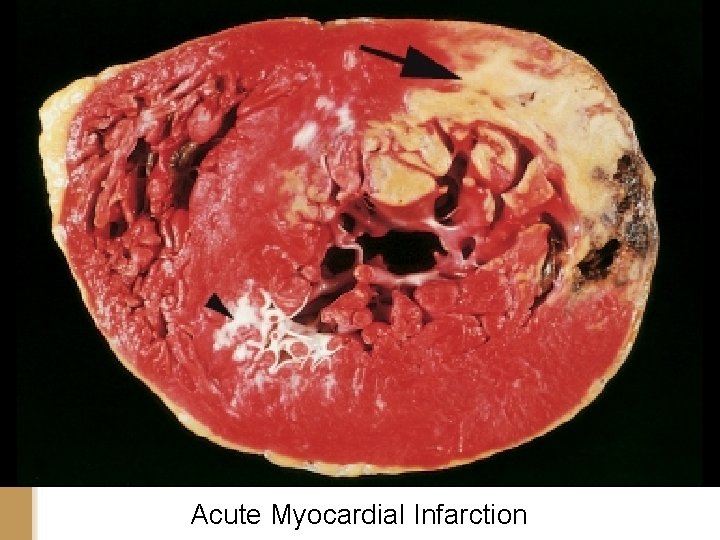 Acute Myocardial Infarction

* * *

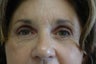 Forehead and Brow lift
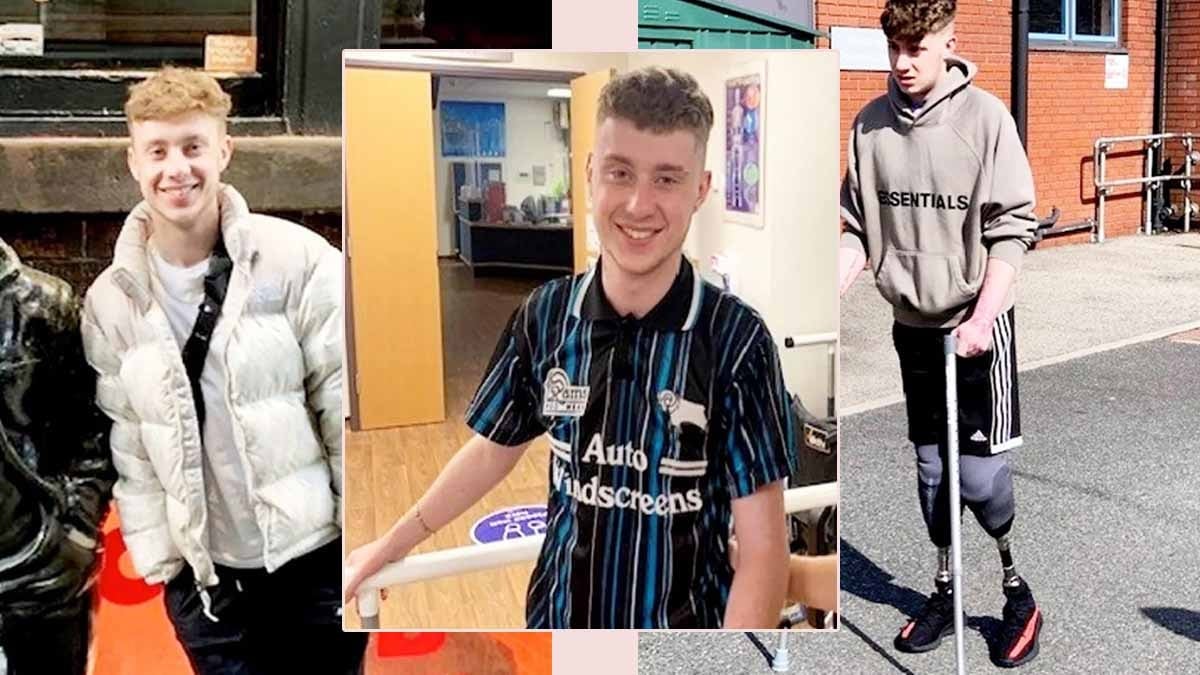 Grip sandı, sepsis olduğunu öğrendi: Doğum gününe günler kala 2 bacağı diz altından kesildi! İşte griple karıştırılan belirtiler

= ACTION ITEM =
Within the listing above, write out the stretch from the line with "Forehead and Brow lift" through the line with "Grip sandı, sepsis" exactly. Any pictures are to be left out.

= OUTPUT BELOW =
 Forehead and Brow lift
 Grip sandı, sepsis olduğunu öğrendi: Doğum gününe günler kala 2 bacağı diz altından kesildi! İşte griple karıştırılan belirtiler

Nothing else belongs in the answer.